It was the first time in 151 years that a justice was confirmed without a single vote from the minority party, a sign of how bitter Washington’s decades-old war over judicial nominations has become. The vote concluded a brazen drive by Republicans, who moved to fill the vacancy created by the death of Justice Ruth Bader Ginsburg just six weeks before the election. They shredded their own past pronouncements and bypassed rules in the process, even as they stared down the potential loss of the White House and the Senate.

Democrats called it a hypocritical power grab by Republicans who should have waited for voters to have their say on Election Day. They warned of a disastrous precedent that would draw retaliation should they win power, and in a last-ditch act of protest, they unsuccessfully tried to force the Senate to adjourn.

Republicans said it was their right as the majority party and exulted in their win. With Judge Barrett’s elevation in place of Justice Ginsburg, a liberal icon, the court is expected to tilt decisively to the right. It is gaining a conservative who could sway cases in every area of American life, including abortion rights, gay rights, business regulation and the environment.

Her impact could be felt right away. There are major election disputes awaiting immediate action by the Supreme Court from the battleground states of North Carolina and Pennsylvania. Both concern the date by which absentee ballots may be accepted.

Soon after, Judge Barrett will quickly confront a docket studded with major cases on Mr. Trump’s programs and policies, not to mention a potential challenge to the election results that the president had cited as a reason he needed a full complement of justices before Nov. 3. Coming up quickly are challenges related to the Affordable Care Act, signature Trump administration immigration plans, the rights of same-sex couples and the census.

The court is also slated to act soon on a last-ditch attempt from Mr.

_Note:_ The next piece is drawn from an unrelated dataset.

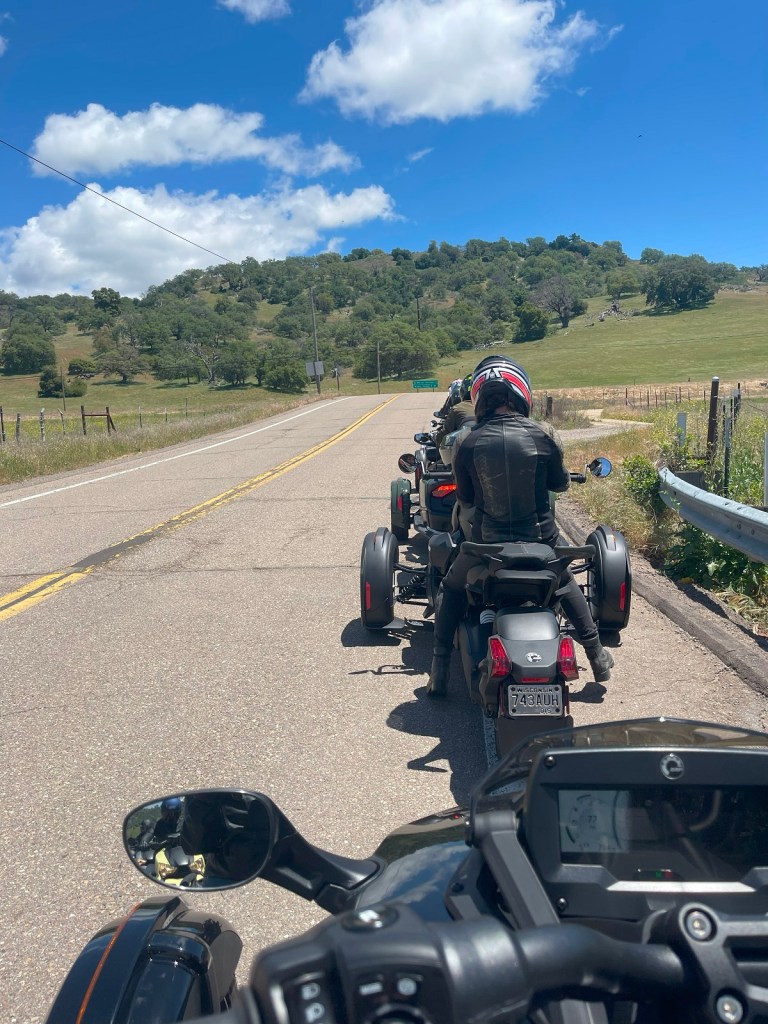 The Cam-Am formation at a stop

Trump’s personal lawyers to block the release of his financial records to a grand jury in Manhattan.

No Supreme Court justice is a certain vote, and Judge Barrett pledged during her confirmation hearings to be an independent mind. But she is widely viewed by both parties as a judge in the mold of Justice Scalia, her mentor, who would rule consistently in favor of conservative positions.

Neither her academic writing nor her relatively brief three-year stint on a federal appeals court provides strong evidence of how she would approach the wide array of cases that will come before her. She gave little hint during her hearings of how she regards any major issue, but she did earlier criticize Chief Justice John G. Roberts Jr. for voting to uphold the Affordable Care Act, and she once signed onto an ad calling for overturning Roe v. Wade and its “barbaric legacy.” It is a good bet that she will be among the court’s most conservative justices, probably to the right of Chief Justice Roberts and Justice Brett M. Kavanaugh.